Notice: The reproducibility variables underlying each score are classified using an automated LLM-based pipeline, validated against a manually labeled dataset. LLM-based classification introduces uncertainty and potential bias; scores should be interpreted as estimates. Full accuracy metrics and methodology are described in [1].

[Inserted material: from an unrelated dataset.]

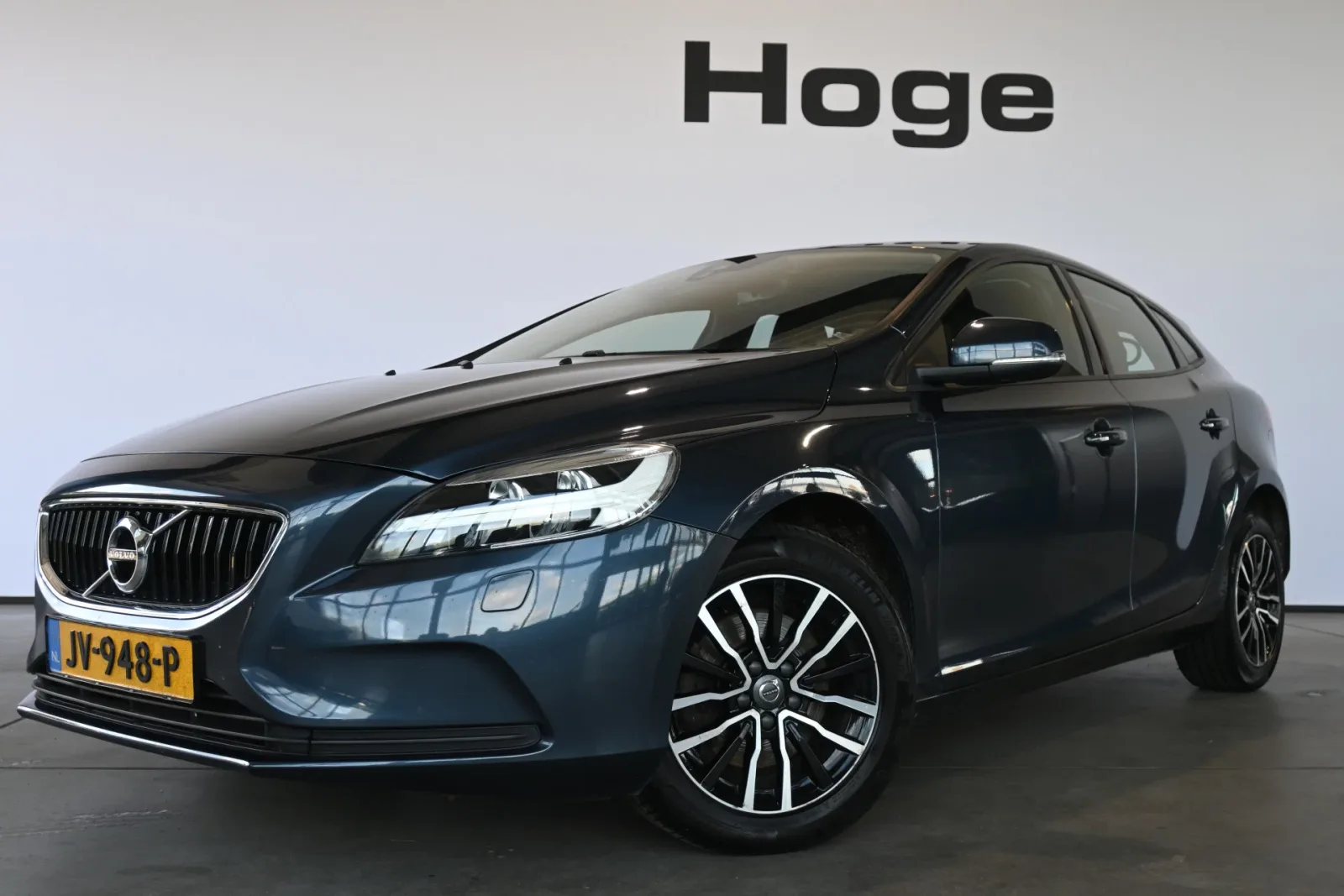 Volvo V40 (2016) — foto 1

Scalable Safe Policy Improvement for Factored Multi-Agent MDPs

Authors: Federico Bianchi, Edoardo Zorzi, Alberto Castellini, Thiago D. Simão, Matthijs T. J. Spaan, Alessandro Farinelli

ICML 2024 | Venue PDF | LLM Run Details

Reproducibility Variable Result LLM Response
Research Type Experimental An empirical evaluation on multi-agent Sys Admin and multi-UAV Delivery shows that the approach scales to very large domains where state-of-the-art methods cannot work.
Researcher Affiliation Academia 1Department of Computer Science, University of Verona, Verona, Italy 2Department of Software Science, Eindhoven University of Technology, Eindhoven, Netherlands 3Department of Intelligent Systems, Delft University of Technology, Delft, Netherlands.
Pseudocode Yes Algorithm 1 Factored-Value MCTS-SPIBB
Open Source Code Yes Code available at https://github.com/Isla-lab/fv-mcts-spibb
Open Datasets Yes Multi-agent Sys Admin is a standard MMDP benchmark (Guestrin et al., 2003). Multi-UAV Delivery was proposed in (Choudhury et al., 2021).
Dataset Splits No The paper does not explicitly provide information about a validation dataset split.
Hardware Specification No The paper does not provide specific hardware details (e.g., GPU/CPU models, memory specifications) used for running the experiments.
Software Dependencies No The paper does not provide specific software dependencies with version numbers (e.g., Python 3.8, PyTorch 1.9).
Experiment Setup Yes For FV-MCTS-SPIBB-Max-Plus and FV-MCTS-SPIBB-Var-El, we use the following parameters: 100 simulations, an exploration constant empirically found to be best at c = n. (with n number of agents), MCTS tree depth of 20-steps, γ = 0.9, and 8 iterations of message passing in Max-Plus.